-- Dataset follows --
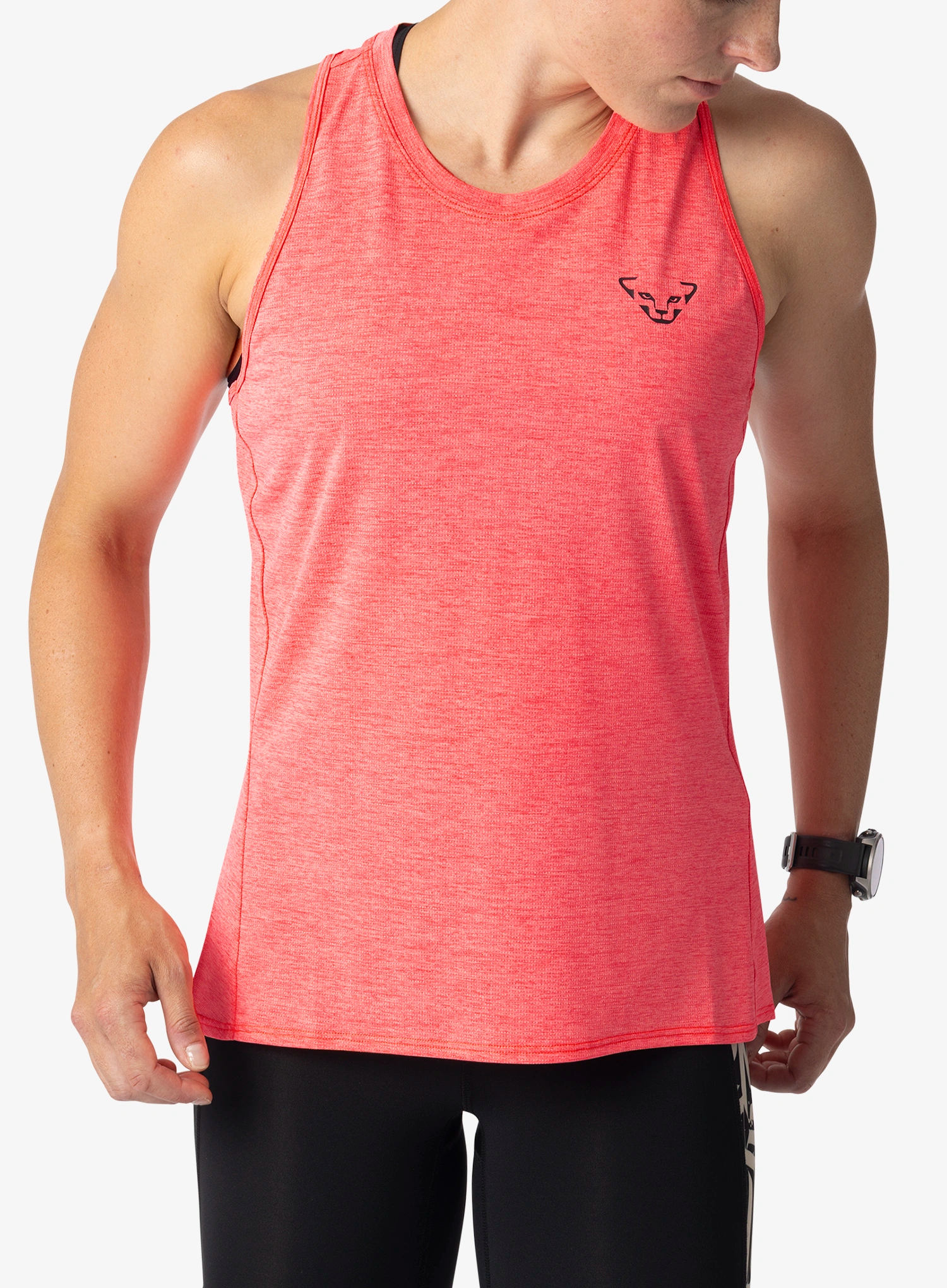 qweDynafitTrailTankultracoral4053866842952a.webp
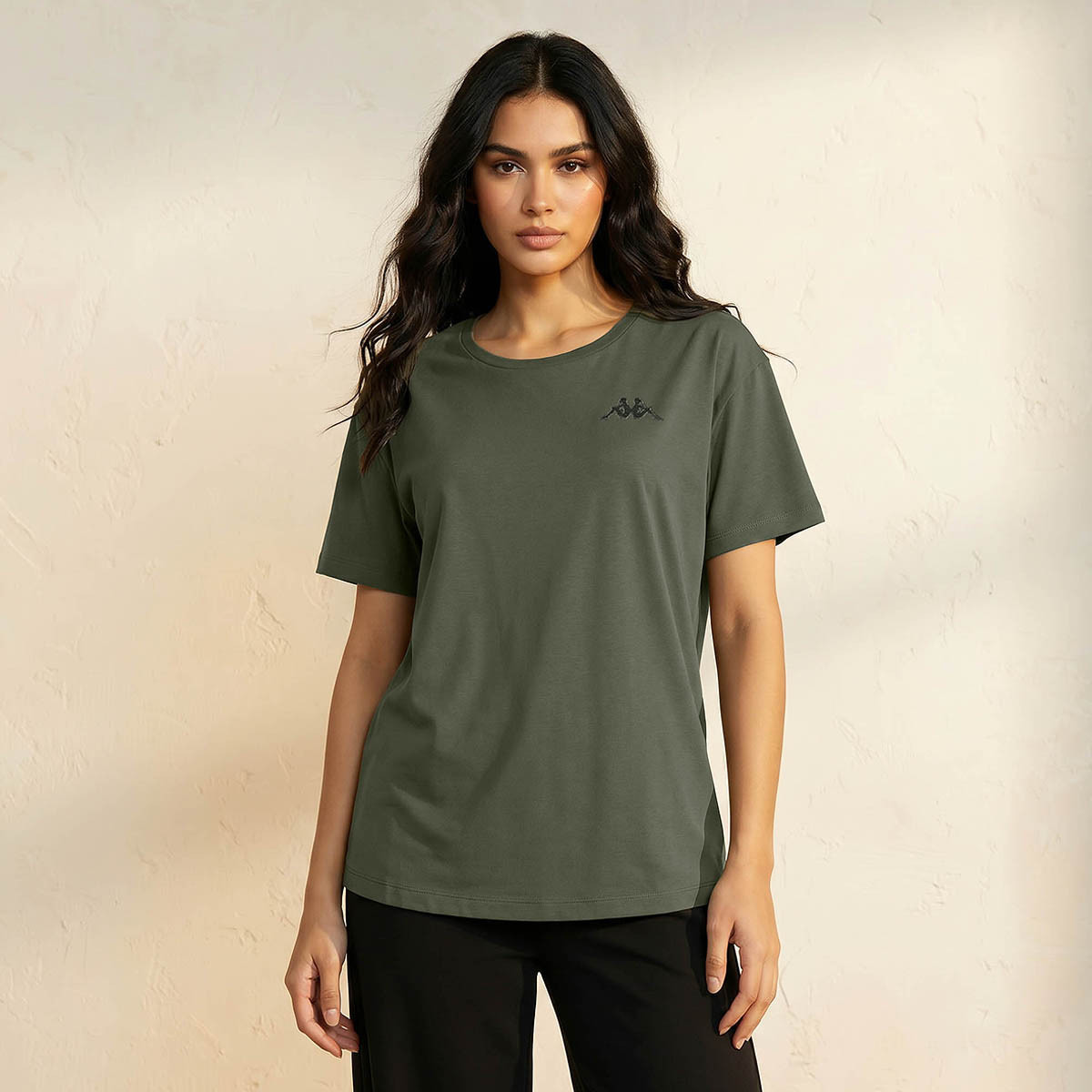 تيشيرت نسائي قطني مطرز بشعار من كابا-women-clothing-tshirts-image-4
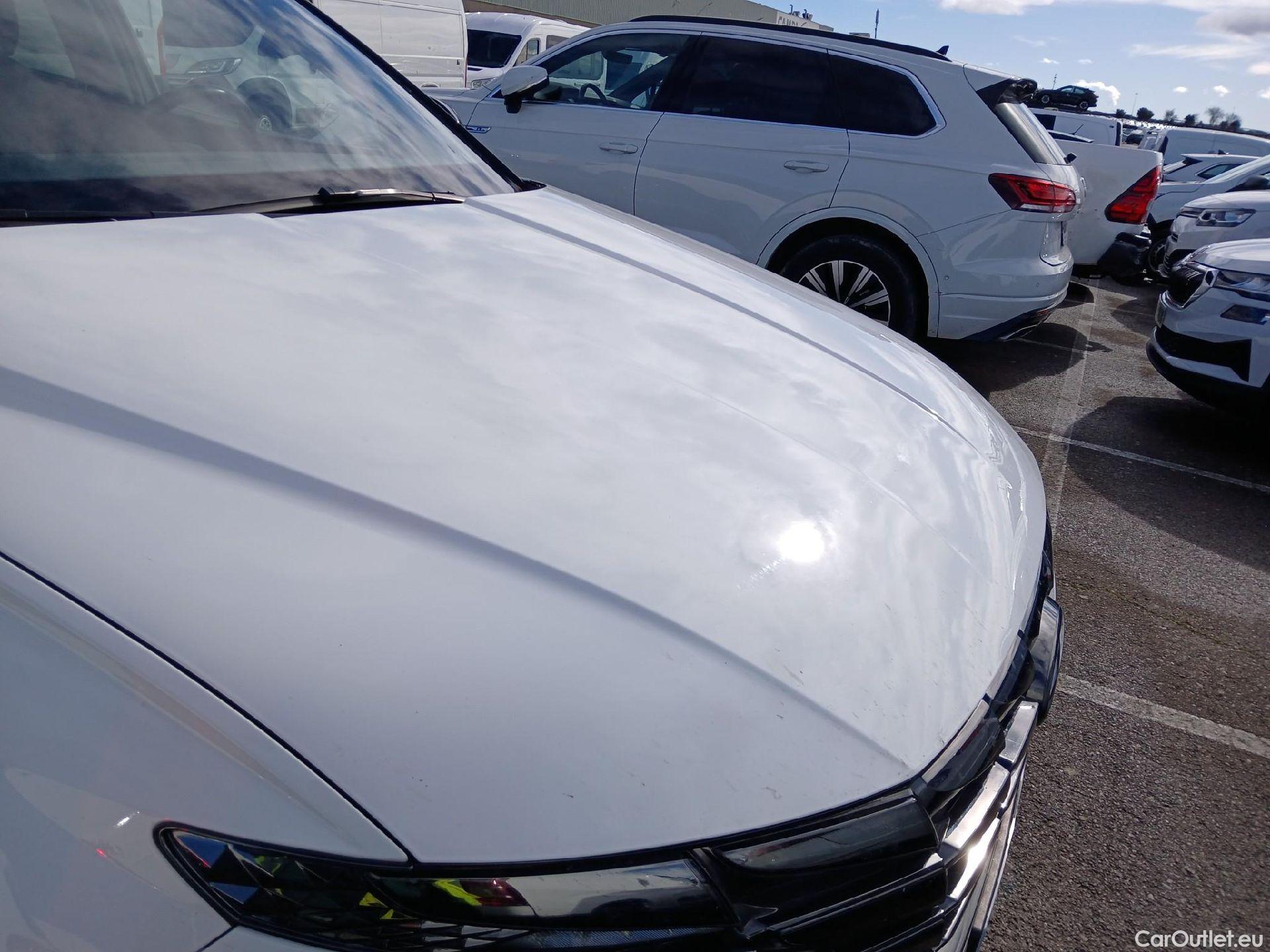  Hyundai  Tucson HYUNDAI  / 2020 / 5P / todoterreno 1.6 CRDI 100kW (136CV) 48V Tecno DCT 2C #8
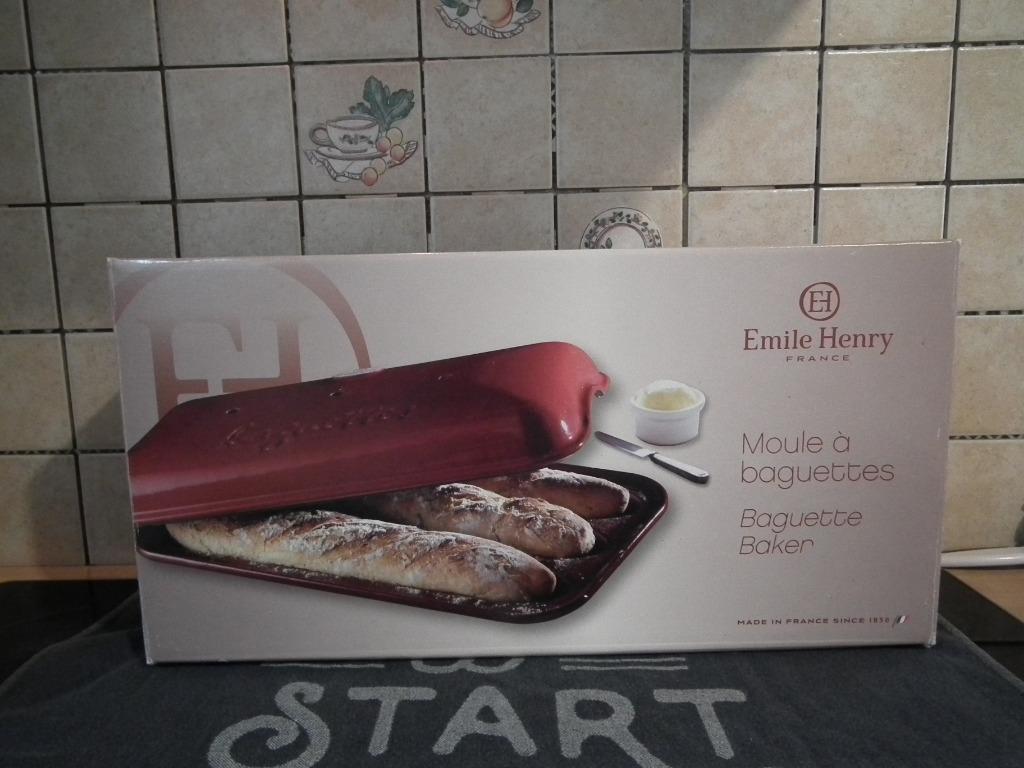 Emile Henry keramische stokbroodvorm, Huis en Inrichting, Keuken | Servies, Verzenden, Keramiek, Overige typen, Zo goed als nieuw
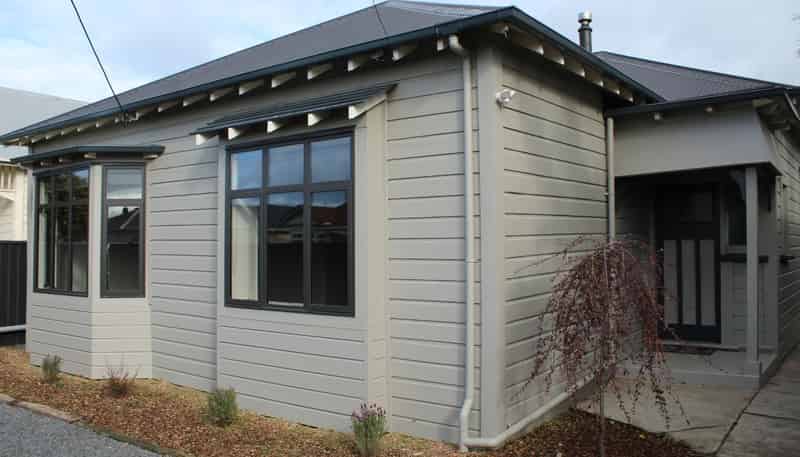 8 Alma Street, Saint Kilda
-- Dataset concluded --
## Brief
The records above need to be restated word for word, with the pictures left out.

## Worked solution
 qweDynafitTrailTankultracoral4053866842952a.webp
 تيشيرت نسائي قطني مطرز بشعار من كابا-women-clothing-tshirts-image-4
  Hyundai  Tucson HYUNDAI  / 2020 / 5P / todoterreno 1.6 CRDI 100kW (136CV) 48V Tecno DCT 2C #8
 Emile Henry keramische stokbroodvorm, Huis en Inrichting, Keuken | Servies, Verzenden, Keramiek, Overige typen, Zo goed als nieuw
 8 Alma Street, Saint Kilda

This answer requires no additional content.